The desktop processor in question lists six cores, 12 threads, 12MB of L3 cache, and 3MB of L2 cache. It will likely be a Core i5-10xxx part given the Comet Lake-S family may have up to 10 cores and 20 threads. Customers could see TDP ranges from 35 to 125 watts across the entire family too.
According to leaked details, Comet Lake-S will support DDR4 memory, Thunderbolt 3, USB 3.1 Gen 2 (10Gbps), 4K content and HDR, PCIe 3.0, Intel Optane, and more. Products will be based on Intel’s enhanced 14nm process node rather than the 10nm node used with the Ice Lake “U” and “Y” chips launched in August for ultrathin laptops and tablets.

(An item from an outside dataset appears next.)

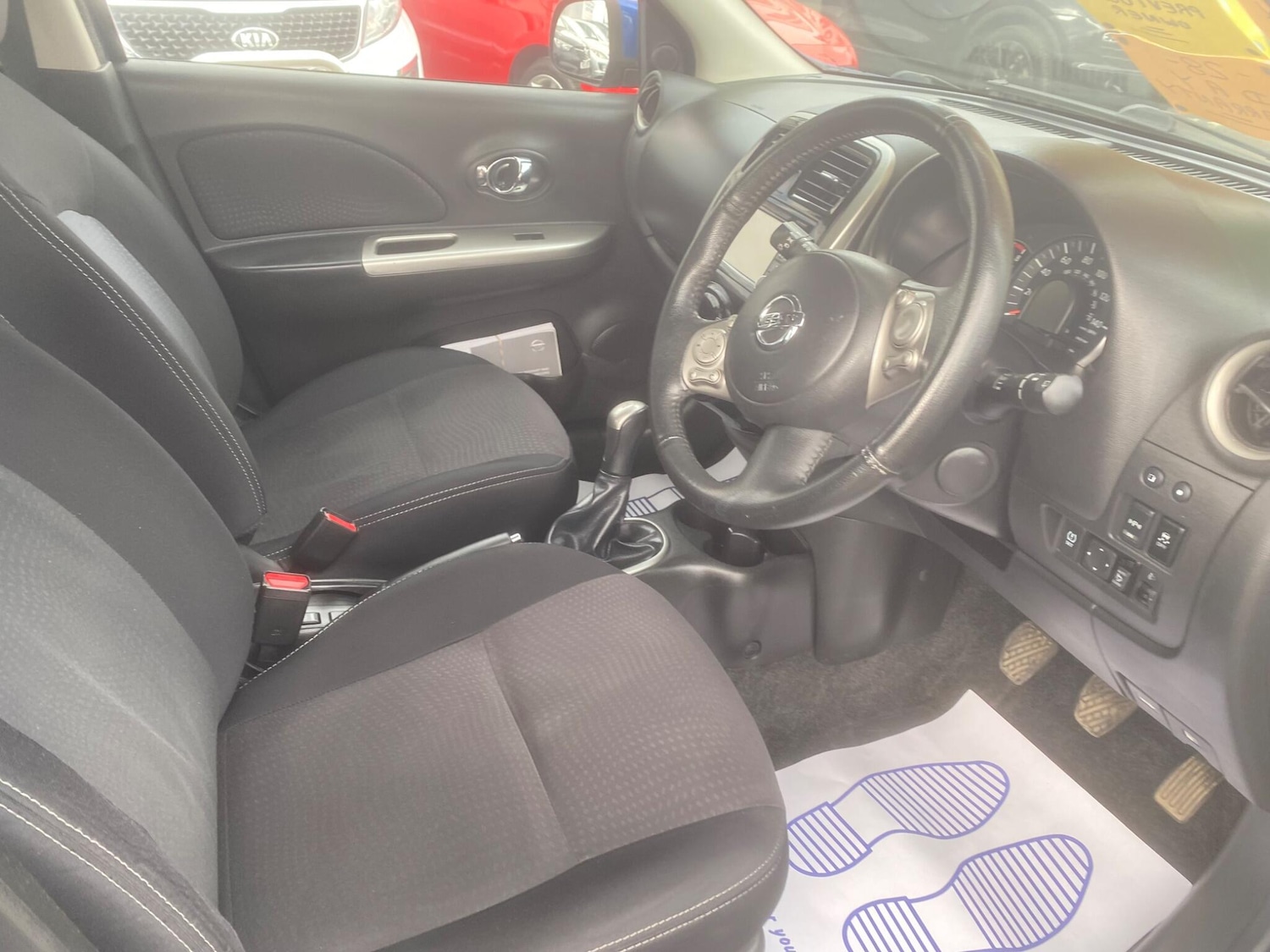 Used Nissan Micra 2016 for sale - 76549269: Photo 59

The Core i5 listing follows another potential Comet Lake-S candidate that recently appeared in the SiSoftware database. Revealed by TUM_APISAK, this chip was listed as the Core i3-10100 packing four cores and eight threads (thanks to HyperThreading). Other features include 6MB of L3 cache, 1MB of L2 cache, and a 3.6GHz base frequency.
Intel will likely introduce its Comet Lake-S desktop processors before the end of 2019 or during the CES 2020 trade show in January. This will be the company’s third 10th-generation processor family launch, following the 10nm Ice Lake chips for mobile PCs launched in August. The second wave, Intel’s 14nm Comet Lake CPUs for mobile PCs, also launched in August, targeting higher core counts and better raw performance than the Ice Lake parts.
Intel originally kicked off its 14nm process node era with three “Broadwell” processors in 2014. Five years later, it’s desktop CPUs are still on 14nm, while AMD’s latest desktop processors, the Ryzen 3000 family, uses TSMC’s 7nm FinFET process node.
Unlike Intel, however, AMD doesn’t flood the desktop market during each generation. AMD’s current lineup for desktop includes five chips with core counts ranging between six and 12. The 16-core Ryzen 9 3950X reportedly follows in November alongside new Threadripper HEDT parts.
Support for PCI Express 4.0 is one of AMD’s biggest selling points with the Ryzen 3000 family. It doubles the bandwidth from the previous generation. It also provides a more reliable data flow between the CPU and connected components, like an SSD or graphics card.
Intel has yet to embrace PCI Express 4.0 in its processors, even with the upcoming Comet Lake-S chips seen in leaked slides. There’s plenty of time to jump on the bandwagon, however, before PCI Express 5.0 becomes the new norm.